References: Childhood Firearm Injuries in the United States Katherine A. Fowler, Linda L. Dahlberg, Tadesse Haileyesus, Carmen Gutierrez, Sarah Bacon. Pediatrics Jun 2017, e20163486; DOI: 10.1542/peds.2016-3486
Author: Aaron Lessen, M.D.
- Asking parents and Broselow Tape are common options for estimating pediatric weight.
- Equipment sizes should not be adjusted for under/overweight kids based on Broselow Tape estimates.
- The finger counting method (see reference) is just as accurate as Broselow Tape method, according to one study.
Author: Michael Hunt, M.D.
- Children under age of 6 are at greatest risk of accidental nicotine overdose from ingestion.
- Biphasic presentation:
- Hyperadrenergic = nausea, vomiting, tachycardia, flushing.
- Bradycardia and respiratory depression.
Mayer B. How much nicotine kills a human? Tracing back the generally accepted lethal dose to dubious self-experiments in the nineteenth century. Archives of Toxicology. 2013;88(1):5-7. doi:10.1007/s00204-013-1127-0.
Author: JP Brewer M.D.
- The “Quick Wee” was a method to get urine out of infants who need to have a UA in the Emergency Department.
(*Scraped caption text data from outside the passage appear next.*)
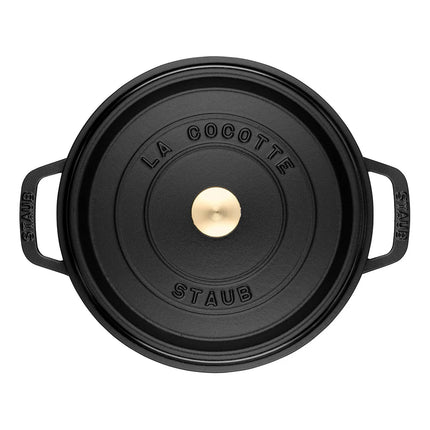 STAUB | Cocotte Round Enamelled Cast Iron Casserole Dish – Ø 300 mm – Black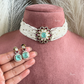 Akshita Moisanite Choker Set - Mint Green
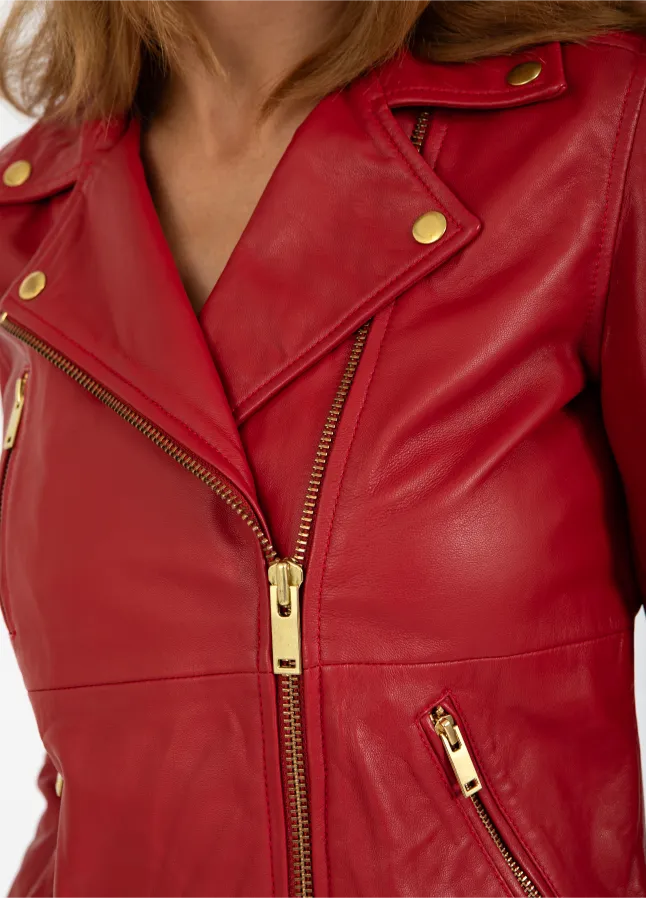 Coster Copenhagen Skind Jakke Lipstick Red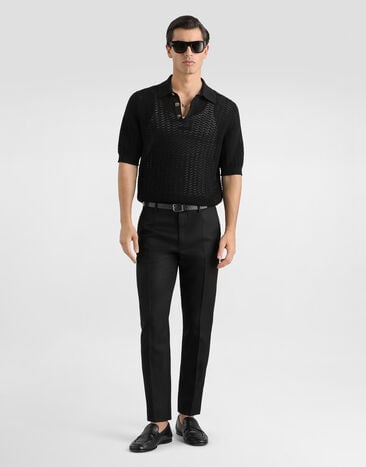 Dolce & Gabbana Polo shirt in perforated cotton Dolce & Gabbana Polo shirt in perforated cotton Black GXZ02TJBCJW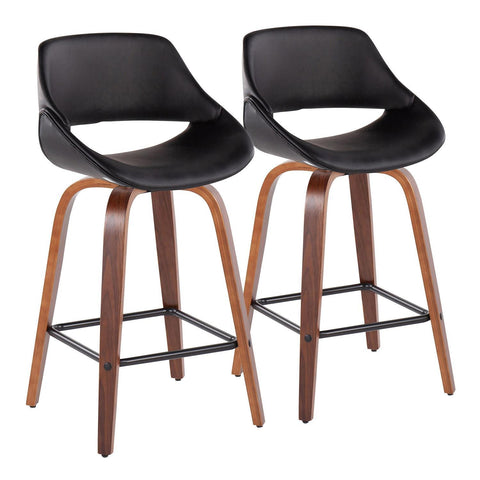 Lumisource Fabrico Mid-Century Modern Fixed-Height Counter Stool in Walnut Wood with Round Chrome Footrest and Black Faux Leather - Set of 2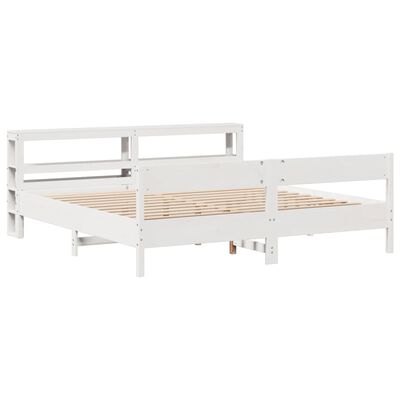 vidaXL Bedframe zonder matras massief grenenhout wit 180x200 cm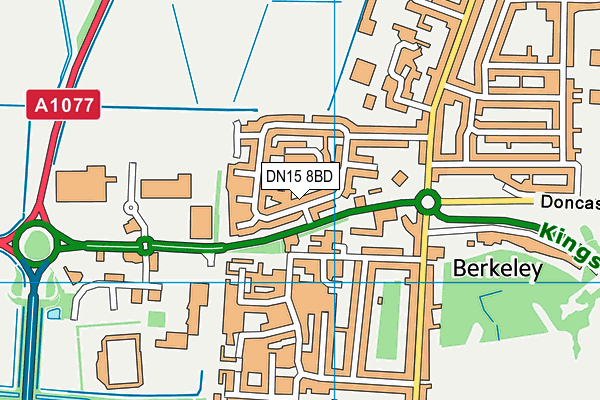 DN15 8BD map - OS VectorMap District (Ordnance Survey)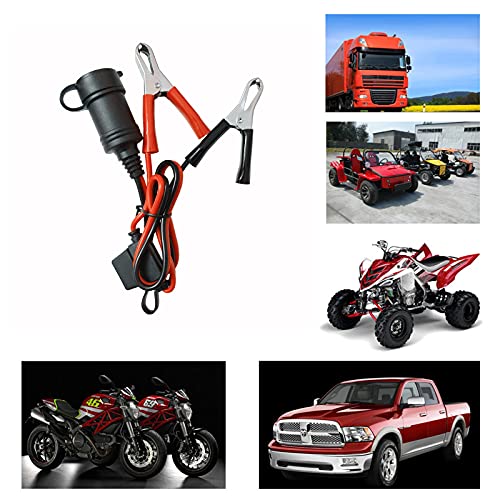 Cigarette Lighter Socket Battery Alligator Clamp - 2ft Battery Clips to Female Car Cigarette Lighter Socket Adapter Extension Cord 12v-24v Battery Clip-on Extension Cable with 15A Fuse (2)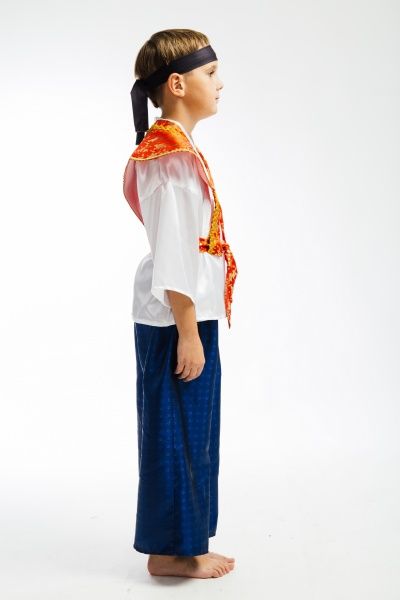 Костюм карнавальний КАРНАВАЛІЯ Самурай р.110-116 білий із синім 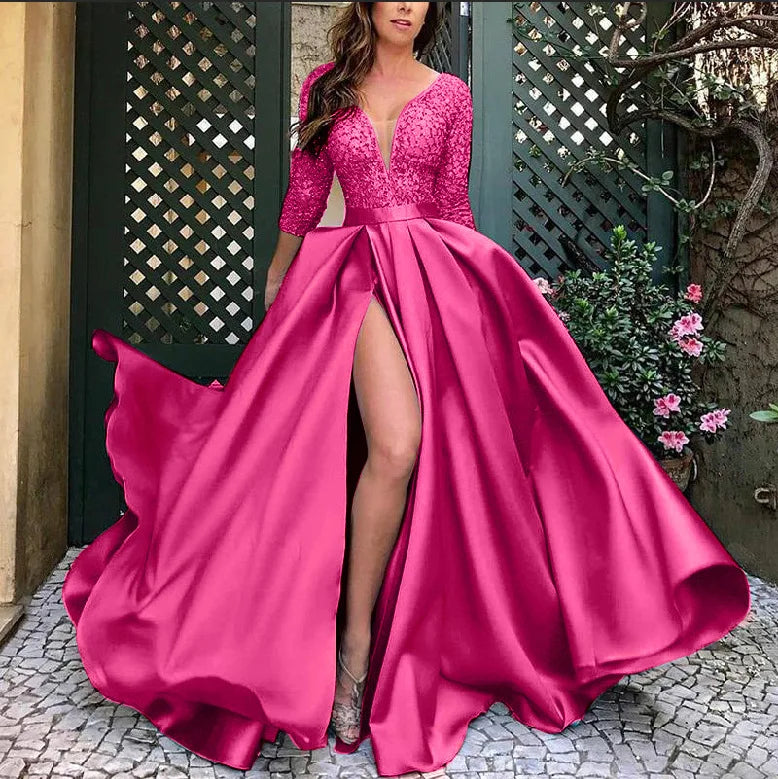 New 2026 Women's Sequins Beads Prom Dress Big Swing Sexy V-neck Trailing Banquet Wedding Evening Dress Ladies Vestidos De Fiesta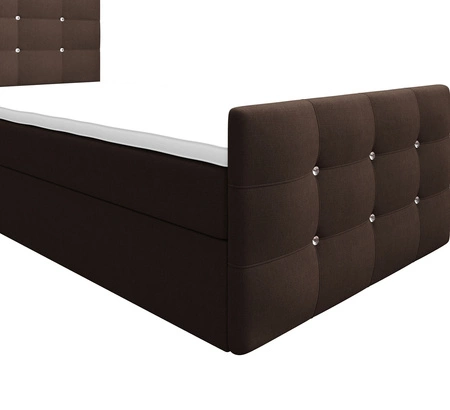Boxspringbett Kansas 120x200 braun Bett im modernen skandinavischen Stil mit gepolstertem Kopf- und Fußteil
- A randomized-controlled experiment was done with 350 infants between the ages of 1 to 12 months.
- The “Quick Wee” method is taking a sterile saline gauze with cool saline and rubbing it over the suprapubic abdomen for five minutes. The results were significant, with 31% in the treatment group voided after five minutes, 12% in the control group voided after five minutes.